WASHINGTON -- U.S. Treasury Secretary Lawrence Summers was sharply criticized by members of the Senate Finance Committee Tuesday on the Clinton administration's current stance on trade policy.

Summers was appearing before the panel to defend the administration's fiscal 2001 budget recommendations.

The administration's stance -- that trade liberalization shouldn't move forward until labor and environmental issues are added to the agenda of the World Trade Organization -- was "a principal cause of the failure" of the recent Seattle WTO meeting, Senate Finance Committee Chairman William Roth, R-Del., told Summers.

The policy is a "road map for inaction" on further steps to open foreign markets to U.S. products, he complained.

Summers gave a lengthy and somewhat tortured defense -- arguing that the administration isn't attempting to condition further trade expansion on labor and environmental issues, but rather just insisting that they should be "discussed" on an international basis -- but that didn't satisfy Roth.

"Frankly, I don't think you can have it both ways," he said. "It's just not going to work that way."

There are important labor and environmental issues that need to be addressed internationally, but not in the WTO, Roth said.

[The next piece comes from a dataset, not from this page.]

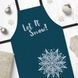 Фартук детский полноцветный Let it snow! FRTCD_22NG009 фото 3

The U.S. needs to be on the cutting edge of world trade in the global market place, the Finance Committee chairman said. "We can't play politics with it, but I fear that is what's being done," he said, suggesting the administration's position is aimed mainly at pleasing key supporters of the Democratic Party, such as labor unions, ahead of the U.S. national elections later this year.

The ranking minority member of the finance panel, Senator Daniel Patrick Moynihan, D-NY, then told Summers he thought "most members" of the committee would agree with Roth.

U.S. trade policy is currently in a state of "crisis," Moynihan said.